I've been counting down the days 'til summer for a looooong time. I could almost taste it well before it arrived.
And as fliers about every sports camp under the sun keep finding their way into our house and e-mails about various things to get kids involved in stare me in the face I ignore them. Every one of them.
Not because I think there's anything wrong with all that jazz...usually I like that stuff...I think it's great to help kids expand their horizons and learn new things. But this last spring we all had our fingers in too many pies. And we're just all ready for a break.
So I'm proclaiming this summer to be the summer where I get to take my kids back. (I can't remember who gave me that idea, but thank you.)
Usually we at least do swim team in the summers (I love swim team), and this year as a matter of habit I went through the whole rigmarole to finagle my kids in, only to promptly pull them right back out. Not only are we going to be gone too much to make it worth our while, but basically I'm selfish and I want my kids to be home for a while.
Now, when I say we didn't sign up for anything , that doesn't mean we're gonna be sitting around (much to my childrens' chagrin). The plan is to work hard (and play hard too), and do things together. Why sign them up for a sewing class when we can do a sewing project together at home? Why send them to a volleyball camp when I can teach them myself (I kid...I don't have coordination worth beans...sometimes I crack myself up...no volleyball this summer).

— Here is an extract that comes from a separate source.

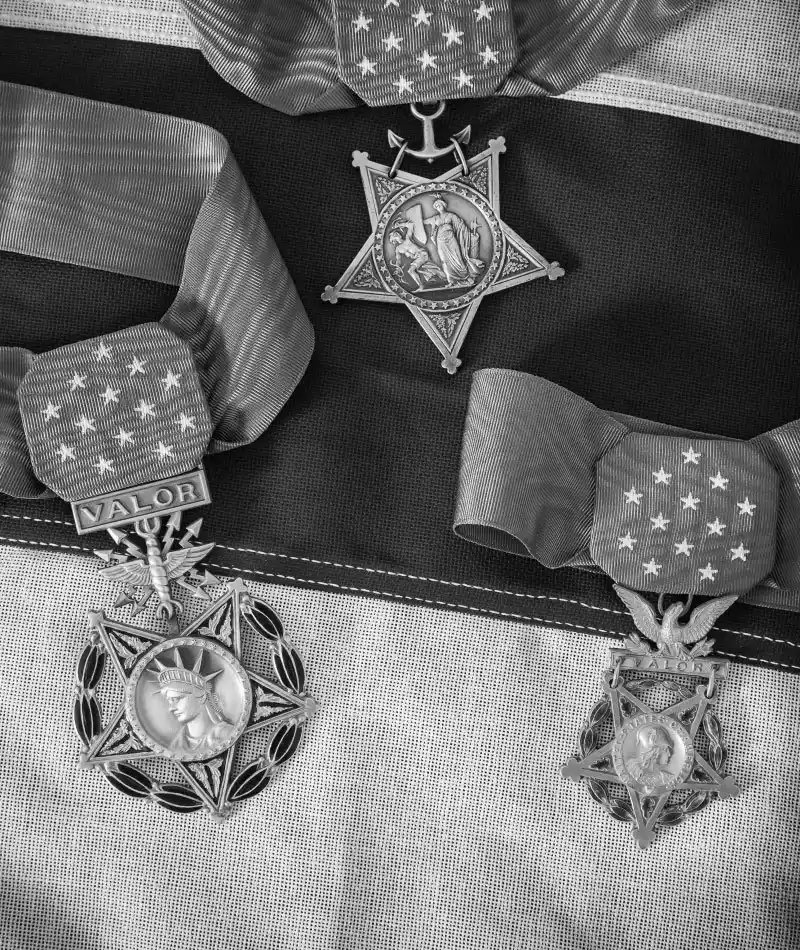 The three variants of the Medal of Honor — Army, Navy, and Air Force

I have my summer bucket list all ready to go:
--paint the garage and put up some organizational stuff for each kid to have a "place" for their outside stuff out there (Max and I are doing this one together) --clean out and organize all the closets (the girls and I are on task on these) --watch Les Miserables with the older kids (check...did that last night...love that show and the message it gives) --sew aprons and pillows with Elle and Grace (teach them to really sew) --learn six hymns (I want my piano-playing kids to each learn six, but I'm planning to join them this year and to learn six myself) --potty train Lucy (I'm scared) --make a blurb book (this one has been on my summer list for the past two years, but man alive I want to do that this summer) --have our own science camp --Read "the care and keeping of you" with my older girls (I've heard it's good and I want to open an avenue for discussion about all that stuff) --make a volcano with my kids (I know, random, but got this kit at Marshalls and thought it'd be fun) --teach each of my kids to cook three new meals --do secret service projects for people we think of who might need help --start the kids on daily "tutor time" with Lucy (I'm having them each teach her something new this summer...things like how to get dressed by herself, how to hold her pen right, etc.) --read the parenting books I have gathering dust sitting by my bed --take each child on a special lunch date all by themselves at least once this summer
We have a schedule all drawn up and ready to go (at least for the days when we're home this summer).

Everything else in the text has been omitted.